*** Input data ***

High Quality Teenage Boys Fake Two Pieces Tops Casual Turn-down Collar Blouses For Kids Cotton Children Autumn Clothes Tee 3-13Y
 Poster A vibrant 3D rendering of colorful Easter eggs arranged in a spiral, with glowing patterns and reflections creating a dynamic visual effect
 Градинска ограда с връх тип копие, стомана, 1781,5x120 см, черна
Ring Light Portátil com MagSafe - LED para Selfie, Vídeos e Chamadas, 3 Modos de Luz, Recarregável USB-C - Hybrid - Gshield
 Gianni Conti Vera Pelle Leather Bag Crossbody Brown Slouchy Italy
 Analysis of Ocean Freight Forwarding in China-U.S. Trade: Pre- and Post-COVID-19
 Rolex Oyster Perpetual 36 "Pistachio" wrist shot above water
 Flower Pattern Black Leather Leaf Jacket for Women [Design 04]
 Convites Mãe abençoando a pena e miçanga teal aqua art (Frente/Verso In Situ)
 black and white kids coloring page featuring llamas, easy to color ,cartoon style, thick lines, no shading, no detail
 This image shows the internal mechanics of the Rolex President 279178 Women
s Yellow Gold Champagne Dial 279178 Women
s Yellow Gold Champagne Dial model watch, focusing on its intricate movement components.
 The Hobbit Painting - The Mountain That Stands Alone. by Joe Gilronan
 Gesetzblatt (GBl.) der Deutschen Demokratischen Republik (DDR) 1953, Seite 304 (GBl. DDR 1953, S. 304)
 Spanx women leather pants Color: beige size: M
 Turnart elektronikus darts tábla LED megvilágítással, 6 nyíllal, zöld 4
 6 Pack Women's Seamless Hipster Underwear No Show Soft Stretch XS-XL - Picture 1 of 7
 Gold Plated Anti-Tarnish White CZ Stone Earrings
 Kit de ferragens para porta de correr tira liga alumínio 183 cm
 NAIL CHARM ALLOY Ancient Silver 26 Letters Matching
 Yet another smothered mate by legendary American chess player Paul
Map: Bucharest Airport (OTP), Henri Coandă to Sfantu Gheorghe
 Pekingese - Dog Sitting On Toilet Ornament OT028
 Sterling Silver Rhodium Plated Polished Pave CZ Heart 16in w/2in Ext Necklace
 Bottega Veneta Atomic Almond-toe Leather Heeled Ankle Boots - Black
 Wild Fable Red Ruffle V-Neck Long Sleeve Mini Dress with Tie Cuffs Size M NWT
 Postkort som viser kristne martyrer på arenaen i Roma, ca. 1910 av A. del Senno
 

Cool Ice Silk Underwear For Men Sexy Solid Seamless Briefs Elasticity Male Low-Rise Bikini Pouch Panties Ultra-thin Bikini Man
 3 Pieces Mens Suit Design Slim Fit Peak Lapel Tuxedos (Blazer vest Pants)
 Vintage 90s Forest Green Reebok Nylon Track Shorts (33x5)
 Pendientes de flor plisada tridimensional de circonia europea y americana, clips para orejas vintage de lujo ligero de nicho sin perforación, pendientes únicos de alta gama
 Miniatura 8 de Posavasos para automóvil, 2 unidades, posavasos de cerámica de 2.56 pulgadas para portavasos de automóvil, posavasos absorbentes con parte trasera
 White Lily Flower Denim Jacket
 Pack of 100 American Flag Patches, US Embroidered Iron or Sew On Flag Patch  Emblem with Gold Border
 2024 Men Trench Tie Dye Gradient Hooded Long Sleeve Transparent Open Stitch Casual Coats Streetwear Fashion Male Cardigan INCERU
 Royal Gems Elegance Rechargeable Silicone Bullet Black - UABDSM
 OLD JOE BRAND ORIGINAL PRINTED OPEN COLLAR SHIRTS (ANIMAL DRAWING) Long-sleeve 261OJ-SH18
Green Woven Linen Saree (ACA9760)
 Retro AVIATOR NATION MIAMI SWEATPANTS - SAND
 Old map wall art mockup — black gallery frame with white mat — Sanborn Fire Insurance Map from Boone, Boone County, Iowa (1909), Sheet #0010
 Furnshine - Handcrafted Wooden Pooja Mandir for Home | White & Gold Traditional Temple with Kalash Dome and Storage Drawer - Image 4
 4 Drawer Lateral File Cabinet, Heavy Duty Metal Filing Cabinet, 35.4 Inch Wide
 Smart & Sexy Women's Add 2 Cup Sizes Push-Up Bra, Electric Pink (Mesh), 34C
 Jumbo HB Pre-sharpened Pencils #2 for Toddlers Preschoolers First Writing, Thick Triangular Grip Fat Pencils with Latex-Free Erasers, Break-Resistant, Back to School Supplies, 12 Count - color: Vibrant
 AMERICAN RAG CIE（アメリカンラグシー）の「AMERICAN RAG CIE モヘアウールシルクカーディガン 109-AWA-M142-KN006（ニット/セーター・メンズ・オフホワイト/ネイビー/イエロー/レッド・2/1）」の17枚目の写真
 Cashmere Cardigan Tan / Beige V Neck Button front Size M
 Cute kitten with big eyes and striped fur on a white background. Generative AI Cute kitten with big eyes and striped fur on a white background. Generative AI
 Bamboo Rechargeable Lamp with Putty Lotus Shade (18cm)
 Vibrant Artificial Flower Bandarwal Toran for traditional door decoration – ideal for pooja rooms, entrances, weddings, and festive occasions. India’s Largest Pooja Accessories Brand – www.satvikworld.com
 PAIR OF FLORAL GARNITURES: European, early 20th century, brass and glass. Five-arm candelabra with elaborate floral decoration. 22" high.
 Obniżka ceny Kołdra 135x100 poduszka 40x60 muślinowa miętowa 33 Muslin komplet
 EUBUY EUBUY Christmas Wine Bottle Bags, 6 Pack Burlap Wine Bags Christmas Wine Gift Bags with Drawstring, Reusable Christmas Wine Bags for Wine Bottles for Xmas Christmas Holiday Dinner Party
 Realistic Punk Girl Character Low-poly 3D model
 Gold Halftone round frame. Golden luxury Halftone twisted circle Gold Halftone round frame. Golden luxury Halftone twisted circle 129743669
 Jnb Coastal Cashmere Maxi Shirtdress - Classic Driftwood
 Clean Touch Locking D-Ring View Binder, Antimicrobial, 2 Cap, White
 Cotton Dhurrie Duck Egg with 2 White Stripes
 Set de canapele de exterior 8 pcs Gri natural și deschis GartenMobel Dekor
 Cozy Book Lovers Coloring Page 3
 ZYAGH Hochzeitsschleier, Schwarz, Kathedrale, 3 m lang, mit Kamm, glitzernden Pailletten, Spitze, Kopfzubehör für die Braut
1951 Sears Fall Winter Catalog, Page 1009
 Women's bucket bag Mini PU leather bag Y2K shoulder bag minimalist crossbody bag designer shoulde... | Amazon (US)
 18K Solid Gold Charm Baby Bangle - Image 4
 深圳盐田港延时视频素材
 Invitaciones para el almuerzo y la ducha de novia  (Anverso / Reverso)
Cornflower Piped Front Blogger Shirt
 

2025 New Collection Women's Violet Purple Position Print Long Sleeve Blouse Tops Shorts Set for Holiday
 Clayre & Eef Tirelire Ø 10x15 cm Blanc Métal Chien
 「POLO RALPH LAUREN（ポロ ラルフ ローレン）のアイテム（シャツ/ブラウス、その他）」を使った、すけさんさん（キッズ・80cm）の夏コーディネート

***

### What you need to do
In the entries above, find each line with the word "Rolex" and copy it.

### Result below
 Rolex Oyster Perpetual 36 "Pistachio" wrist shot above water
 This image shows the internal mechanics of the Rolex President 279178 Women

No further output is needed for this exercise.